En se promenant dans les charmantes rues pavées de la vieille-ville, on peut entendre le craquètement des dizaines de cigognes qui ont élu domicile sur le toit des vieilles maisons de Herzogenaurach et font partie, elles aussi, du paysage local depuis longtemps.
En guise de traces de la rivalité Adolf-Rudolf, on ne retrouve guère plus qu’une statue censée représenter la rupture entre les deux frères et une plaque apposée sur leur maison d’enfance, qui servit de premier lieu de production à leurs chaussures de sport et dont l’actuelle propriétaire accepte en maugréant qu’on la prenne en photo avant de retourner s’occuper de son jardin. Même si l’on estime qu’aujourd’hui, près d’un tiers de la population travaille toujours pour le trio Adidas-Puma-Schaeffler, à en croire les habitants, leur ville n’est rien d’autre qu’un banal petit bourg tranquille de province.

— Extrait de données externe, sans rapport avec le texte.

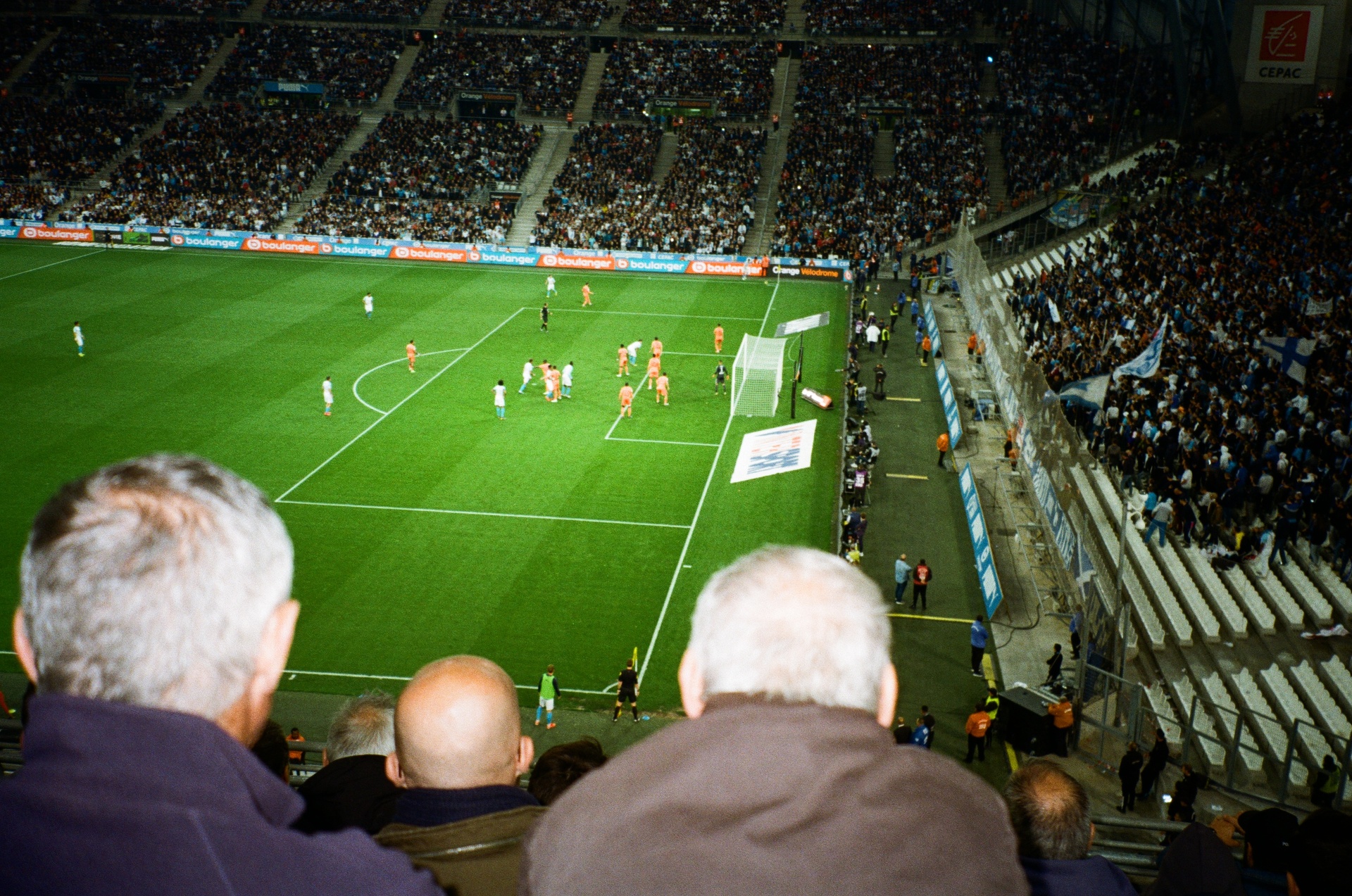 Au pays des fadas | Marseille v Lyon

Pour voir un peu d’animation, il faut donc reprendre le bus 200 et sortir du centre. C’est dans la zone commerciale que l’on trouve une preuve que la Nationalmannschaft a bel et bien établi ses quartiers à Herzo – pour les intimes – pendant cet Euro.
Ne cherchez cependant pas à tenter de vous approcher du camp de base, le campus Adidas est une forteresse imprenable, devant laquelle une statue d’Adi Dassler monte la garde.
Pour espérer apercevoir les joueurs de Julian Nagelsmann, il faut consulter le planning des séances d’autographes organisées ponctuellement dans la boutique de la marque, au cœur d’un quartier à sa gloire et sur les murs duquel Florian Wirtz, Ilkay Gündogan, Manuel Neuer et consorts s’affichent sur de gigantesques affiches.
Sur le parking de l’outlet, une fanzone permet à des milliers de supporters d’assister aux matchs de leur équipe devant un écran géant et de leur faire coucou de la main au départ et au retour du bus. Que la marque aux trois bandes en profite, c’est le dernier tournoi pendant lequel la sélection nationale lui fera une telle pub, la fédération allemande ayant annoncé il y a quelques mois que Nike deviendra son nouvel équipementier à partir de 2027.
En attendant, Puma n’est pas complètement en reste. Au centre de « son » quartier, situé à un jet de pierre de celui d’Adidas, se dresse le siège de la firme dont l’architecture rappelle celle des iconiques boîtes rouges dans lesquelles elle vend ses baskets.
En guise de clin d’œil à la Nationalmannschaft, une immense photo de Kai Havertz, maillot neutre, mais paire de Future 7 Ultimate bien vissées aux panards. Et partout autour du magasin d’usine, des centaines de clients qui se ruent sur des produits à prix cassés. « Honnêtement, Adidas ou Puma, je m’en fous, confie Jost après être passé à la caisse. L’important c’est juste que ce soit stylé et que ça ne coûte pas trop de sous. »
Bilan de la journée : le maillot extérieur rose de l’Allemagne floqué à son nom, acheté plus d’une centaine d’euros un kilomètre plus loin et une paire de Speedcat édition Scuderia Ferrari, payées ici deux fois moins cher. Le sens du compromis dans toute sa splendeur. Pour la validation de l’outfit en revanche, on repassera.